For his graduate work at York, Aaqib researched discrimination against Muslim women in Canada. “When you speak to Muslim women, they share many examples of feeling marginalized because of their identity, like in employment and in public spaces,” he says. “Canada is not immune from Islamophobic beliefs existing and persisting in this country, and there is still work to do.”

As for Saqib, his research focused on ISIS propaganda videos targeting Muslims living in the West. “I am repulsed by ISIS, but many Muslims in the West feel empathetic to their cause and even join it,” he says. Saqib found that ISIS manages to create powerful propaganda by imbuing their message with a rich religious narrative. “They are able to make their message seem Islamic, though it is actually Islamist,” he says.  

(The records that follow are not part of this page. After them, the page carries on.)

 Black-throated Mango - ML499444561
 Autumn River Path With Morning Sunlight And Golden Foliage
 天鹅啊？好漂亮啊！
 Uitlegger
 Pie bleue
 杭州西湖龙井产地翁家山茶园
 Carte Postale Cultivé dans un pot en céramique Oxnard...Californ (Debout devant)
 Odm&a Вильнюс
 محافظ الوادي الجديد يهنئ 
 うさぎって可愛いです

Aaqib admits that “on paper, it may look like we are same, but our personalities are quite different, and when people get to know us, will instantly know the difference.” He quickly adds, with a laugh: “Though perhaps in the first few weeks it may be a challenge!”

 

A champion of tennis--and Indigenous rights: Erika Voaklander

“You can’t escape law. You have to somehow interact,” says Erika Voaklander. She would know better than most: when the Supreme Court ruled in 2016 in the Daniels v Canada case that the federal government had to recognize and negotiate with the Métis Nation, the Court was speaking to her, her family, her nation. “Canada is moving forward, and I definitely think the courts have played a positive role,” she says. “The federal government can no longer ignore Métis peoples. Legal recognition helps—without that, there is less real pressure to commit and follow through.”

In previous generations, Voaklander knows Métis heritage was not always openly acknowledged because often “nothing good really came of it,” she says. “In my generation, I think it is easier to be proud of it, and we are more excited about reconciliation.”

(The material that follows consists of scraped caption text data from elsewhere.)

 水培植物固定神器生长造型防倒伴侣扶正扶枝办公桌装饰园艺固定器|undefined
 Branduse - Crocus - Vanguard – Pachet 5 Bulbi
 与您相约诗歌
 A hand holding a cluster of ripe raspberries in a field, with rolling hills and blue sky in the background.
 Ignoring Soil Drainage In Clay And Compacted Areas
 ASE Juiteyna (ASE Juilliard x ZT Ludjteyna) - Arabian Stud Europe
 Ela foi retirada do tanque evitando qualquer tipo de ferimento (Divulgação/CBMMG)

Erika Voaklander playing tennisTennis champion Erika Voaklander


Voaklander was born in a hamlet near Edmonton, but peripatetic professor parents meant years in Prince George, BC and Melbourne, Australia, before she returned to Edmonton for secondary school. She graduated with a degree in math from the University of Alberta, where she also found time to be a dominant singles and doubles tennis player and help her team win a national championship. Her tennis idols include Serena Williams, for her dominance, and Billie Jean King, for her iconoclasm. More than anything else, Voaklander won by outworking and outlasting the opposition. 

During her undergraduate degree, she was a teaching assistant for a course on Indigenous legal issues. She was struck by how little students knew about the noxious history of the Canadian government’s treatment of Indigenous population. “It became very apparent how pervasive the image of Canada as a perfect multi-cultural oasis is,” she says. “Some students struggled with the notion that they were raised in a country that is not the perfect place it claims to be, and when forced to recognize this reality, they were sometimes very defensive, hesitant, and struggled to challenge their beliefs.” After graduation, Voaklander became a direct participant in Indigenous self-government and worked with the Métis Nation of Alberta, as a project coordinator in the Health, Children and Youth department.

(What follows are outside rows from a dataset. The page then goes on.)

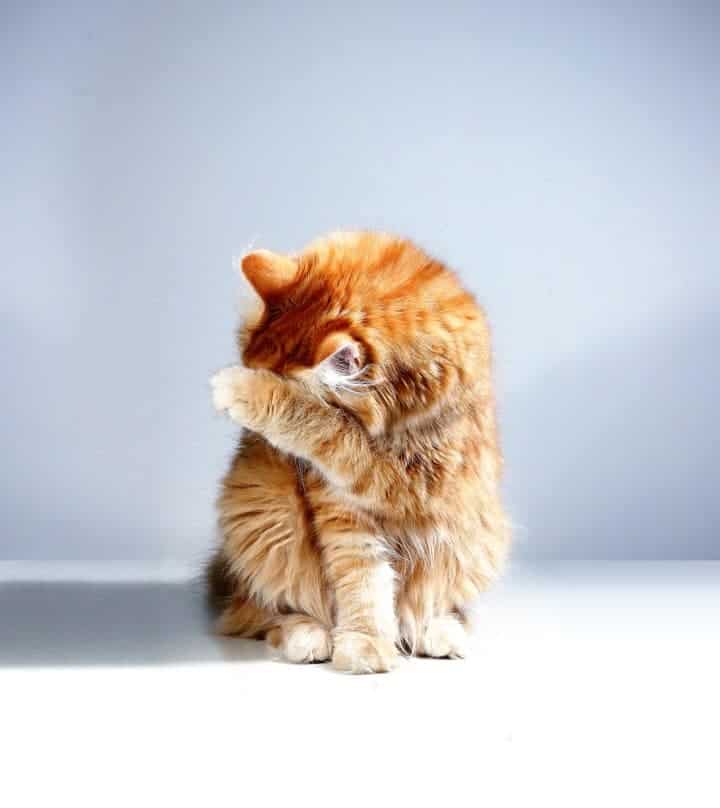 cat, hygene, flu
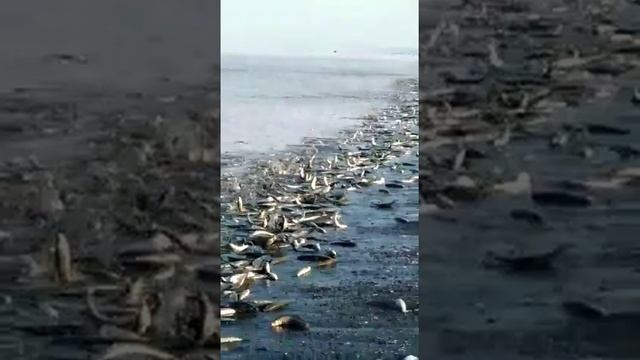 #ДальнийВосток #Приморье #море #берег #рыба #сельдь/селёдка, 11 мая 2021, Сахалин, п.Восточный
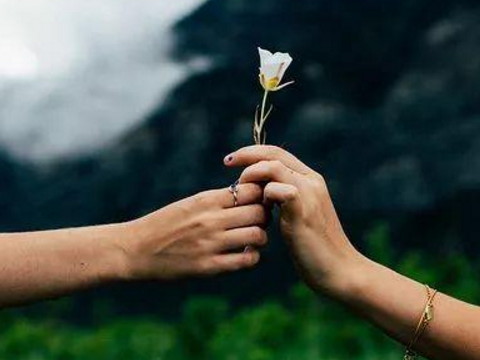 91年属羊和93年属鸡配吗 结婚合适吗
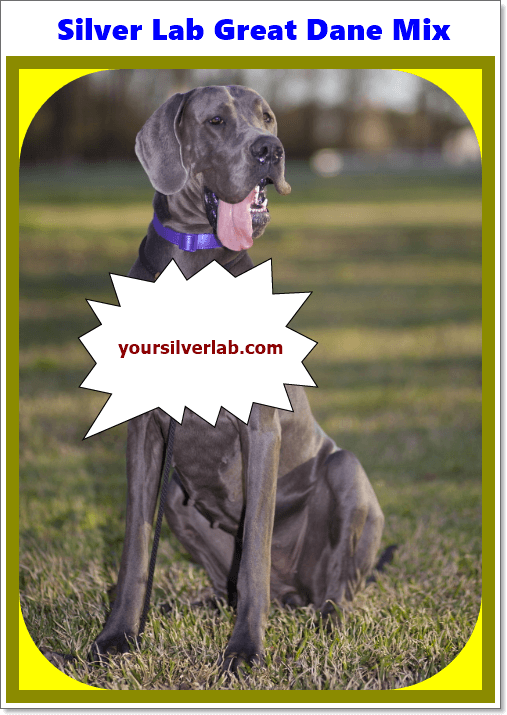 Silver Lab Great Dane Mix, Breeders, Health, Life and Review 2020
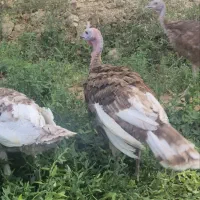 فروش ۷ عددبوقلمون بوربون۶ماهه ودوعددقوغاز اکراینی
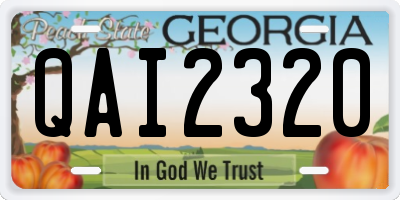 GA license plate QAI2320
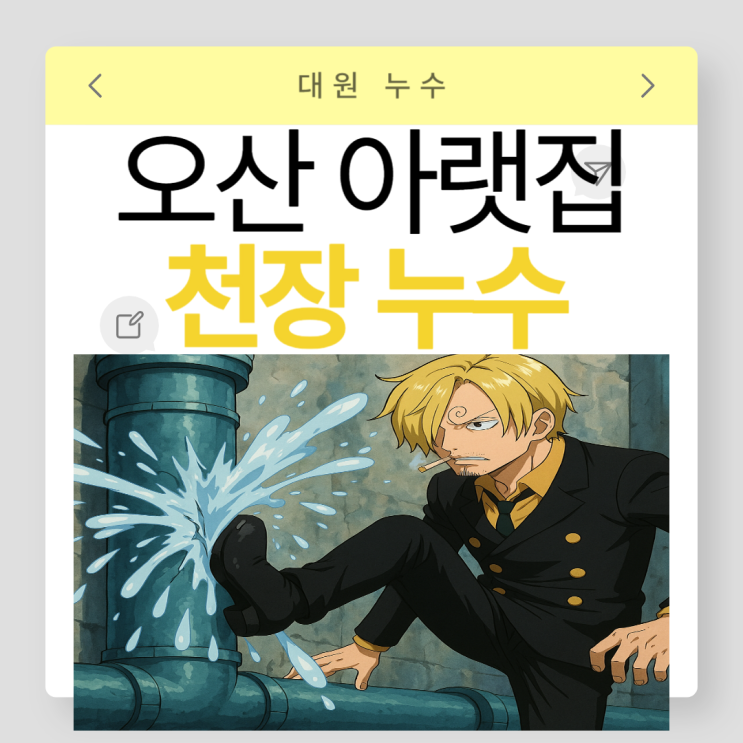  오산 아랫집 누수 세교 상가주택 온수 샤워 배관 누수 업체 천장 공사 비용 보험처리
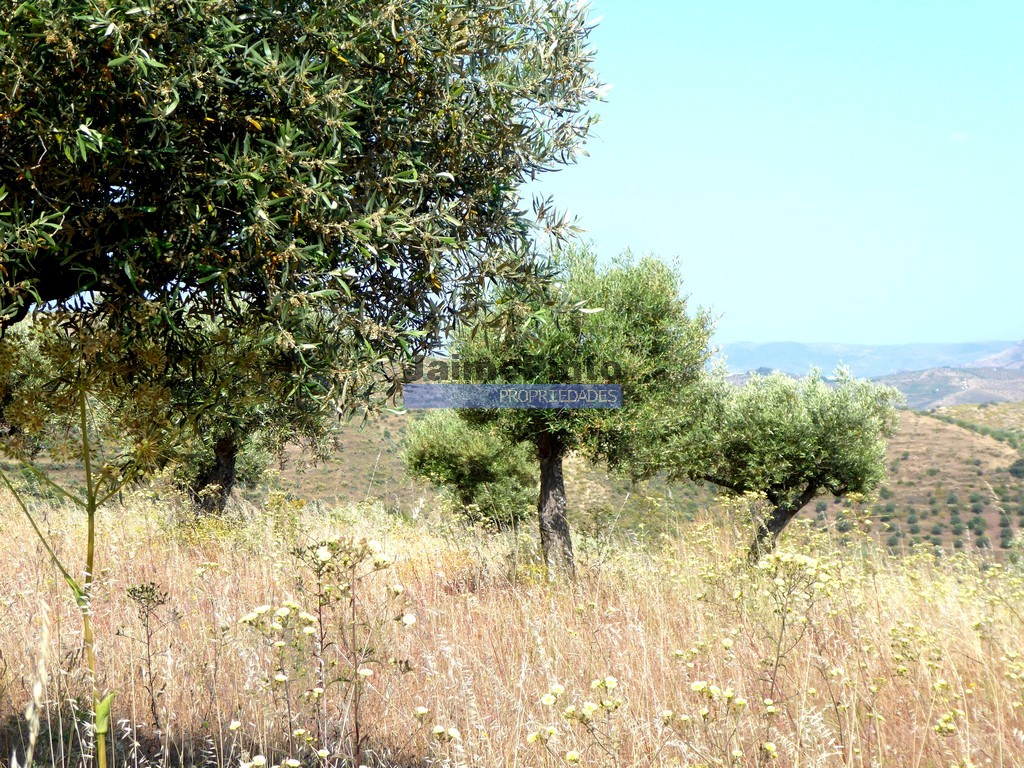 Terreno agricola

Erika Voaklander with winning medal in mixed doubles competition at U of A

2014 University National Co-ed Tennis Team champions at U of A: Erika Voaklander with friends from the Bears (men's) team Tobiasz Strozyk (right) and Hernan Chavez-Posse (left).

As a student, Voaklander enjoyed and excelled at math proofs because solving a problem was a question of following logical steps. Now she has chosen law because she wants to “solve problems that directly affect human beings.” She recalls that when she heard about the outcome in the Daniels case, she knew it was good news. But, as is often the case with legal decisions, she and others in the community wondered what it really meant. The answers she sought were not forthcoming on social media. “But once a lawyer came into the community and explained the decision in layman’s terms, there was even more excitement,” she says. “Hopefully I can become a good enough lawyer to explain things to people like that.”